We can also borrow from psychology to create an inference that you can map from the domain of tools to the domain of sound, because mental capacity is cross-modal. So the ability to create symmetry is also found in sound. And we call symmetrical sound meter or regular rhythm. So it’s a fair argument that given the evidence of a bi-facial hand axe, Homo Agasta would have been able to tap that axe in a symmetrical rhythm or using musical meter.
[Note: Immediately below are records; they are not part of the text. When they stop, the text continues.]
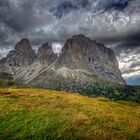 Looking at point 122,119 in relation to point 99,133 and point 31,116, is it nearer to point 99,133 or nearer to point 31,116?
point 99,133

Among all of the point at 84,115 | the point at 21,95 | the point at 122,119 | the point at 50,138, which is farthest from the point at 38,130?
the point at 21,95

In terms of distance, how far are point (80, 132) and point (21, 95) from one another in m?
12.5

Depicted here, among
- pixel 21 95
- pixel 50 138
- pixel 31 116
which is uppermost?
pixel 21 95

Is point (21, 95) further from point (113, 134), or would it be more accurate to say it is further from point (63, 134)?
point (113, 134)

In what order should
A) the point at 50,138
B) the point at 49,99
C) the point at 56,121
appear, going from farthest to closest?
1. the point at 49,99
2. the point at 56,121
3. the point at 50,138

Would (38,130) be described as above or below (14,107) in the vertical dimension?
below

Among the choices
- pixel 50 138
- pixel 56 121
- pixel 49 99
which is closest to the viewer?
pixel 50 138

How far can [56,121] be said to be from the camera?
20328 mm

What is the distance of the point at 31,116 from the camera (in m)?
21.4

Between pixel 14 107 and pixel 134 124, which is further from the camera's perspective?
pixel 14 107

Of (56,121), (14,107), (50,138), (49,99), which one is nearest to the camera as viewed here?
(50,138)

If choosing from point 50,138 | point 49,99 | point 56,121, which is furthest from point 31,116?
point 49,99

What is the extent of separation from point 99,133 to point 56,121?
408 cm

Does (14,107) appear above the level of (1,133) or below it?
above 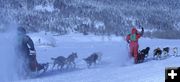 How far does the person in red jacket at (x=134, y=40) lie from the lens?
13.6 m

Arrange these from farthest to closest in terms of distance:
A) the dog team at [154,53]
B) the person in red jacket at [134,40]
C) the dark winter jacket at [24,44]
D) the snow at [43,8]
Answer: the snow at [43,8] → the dog team at [154,53] → the person in red jacket at [134,40] → the dark winter jacket at [24,44]

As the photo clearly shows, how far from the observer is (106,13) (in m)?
74.9

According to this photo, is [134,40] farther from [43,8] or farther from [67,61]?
[43,8]

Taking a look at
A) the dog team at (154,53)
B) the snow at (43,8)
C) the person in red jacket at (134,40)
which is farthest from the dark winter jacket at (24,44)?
the snow at (43,8)

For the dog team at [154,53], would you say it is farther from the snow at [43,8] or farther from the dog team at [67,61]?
the snow at [43,8]

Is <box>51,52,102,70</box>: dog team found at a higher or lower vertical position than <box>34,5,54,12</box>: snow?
higher

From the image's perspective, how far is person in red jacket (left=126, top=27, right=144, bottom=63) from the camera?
534 inches

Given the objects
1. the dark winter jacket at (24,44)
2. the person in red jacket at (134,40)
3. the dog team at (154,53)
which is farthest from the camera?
the dog team at (154,53)

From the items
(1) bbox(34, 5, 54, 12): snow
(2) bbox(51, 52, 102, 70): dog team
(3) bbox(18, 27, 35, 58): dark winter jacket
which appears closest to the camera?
(3) bbox(18, 27, 35, 58): dark winter jacket

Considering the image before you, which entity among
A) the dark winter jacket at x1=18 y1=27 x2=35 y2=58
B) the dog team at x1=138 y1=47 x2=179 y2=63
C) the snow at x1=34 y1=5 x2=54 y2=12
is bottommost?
the snow at x1=34 y1=5 x2=54 y2=12

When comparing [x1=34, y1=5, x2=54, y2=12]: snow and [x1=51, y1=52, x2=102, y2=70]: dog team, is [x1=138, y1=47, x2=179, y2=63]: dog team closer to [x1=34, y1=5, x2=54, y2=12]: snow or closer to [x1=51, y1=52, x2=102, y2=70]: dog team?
[x1=51, y1=52, x2=102, y2=70]: dog team

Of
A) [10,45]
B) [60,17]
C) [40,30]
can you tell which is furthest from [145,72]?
[60,17]

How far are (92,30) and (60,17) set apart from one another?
8.84 meters

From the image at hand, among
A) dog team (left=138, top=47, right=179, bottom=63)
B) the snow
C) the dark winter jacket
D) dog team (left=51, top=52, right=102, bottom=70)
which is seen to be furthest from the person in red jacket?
the snow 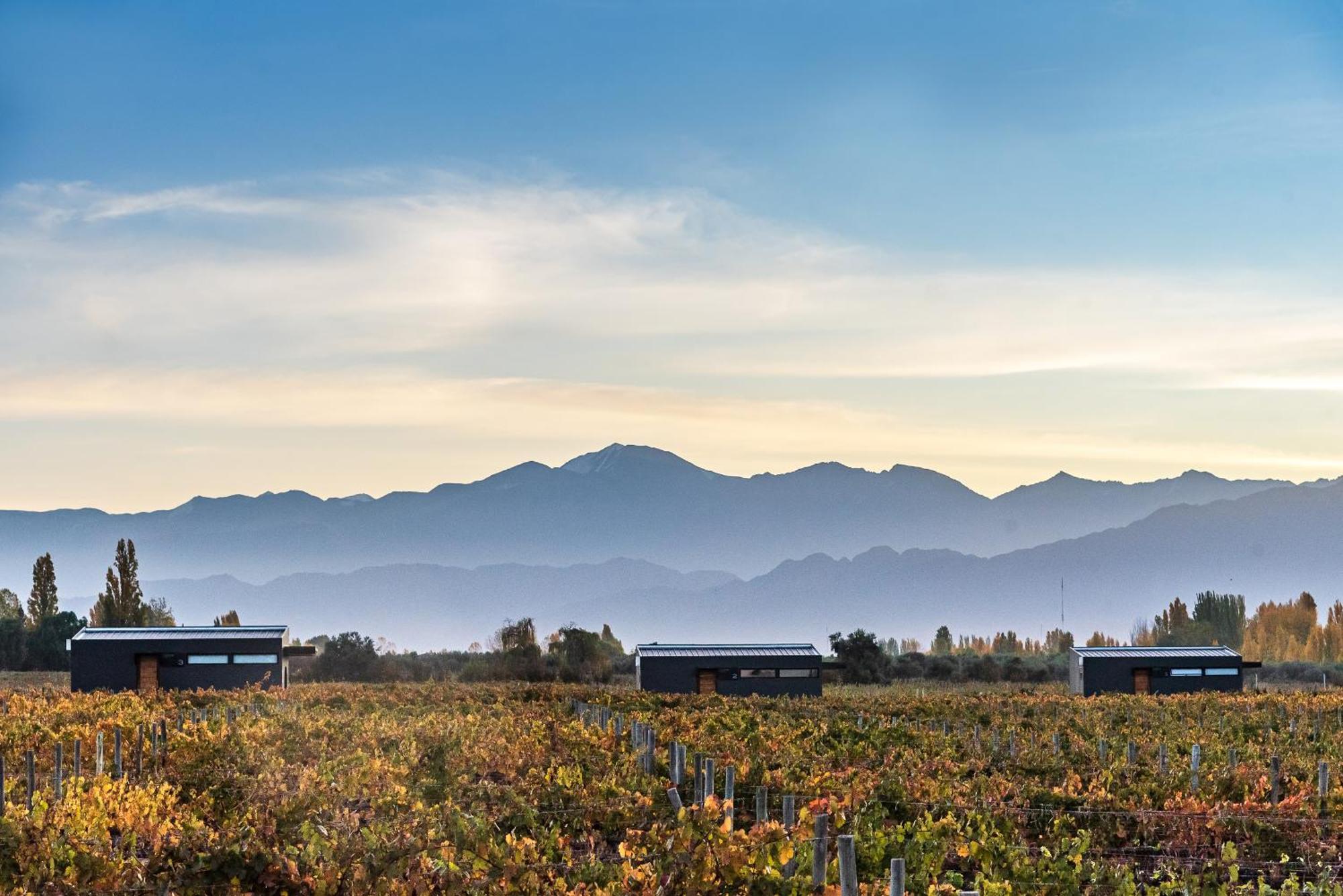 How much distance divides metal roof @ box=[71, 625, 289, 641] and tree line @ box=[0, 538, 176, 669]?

When we talk about the origin of music, it’s really about assembling elements of music, which were synthesized much further down the road. And one of these elements was bipedalism, that what marks the first hominids apart from apes, and our common ancestor, was getting up on our feet. 4.4 million years ago, an Australopithecine called Ardi, and ever since then, the rhythm of walking has stamped human music. But much more than that, that pun intended, that the first steps put us on the path to forging links between the brain, and muscular exertion and sound. And the hominids learn to hear footsteps as a pattern, and what patterns give you is a sense of time.
You can predict what will happen next. And the idea of walking also gives humans their fascination with this metaphor that music moves. And if you think about it, music does not move. Music is just sounds or tones floating through the air. But we imagine that one note moves to the other. And most of music, be it a symphony or a song, unfolds a journey. And this journey takes us from one point to another in our minds.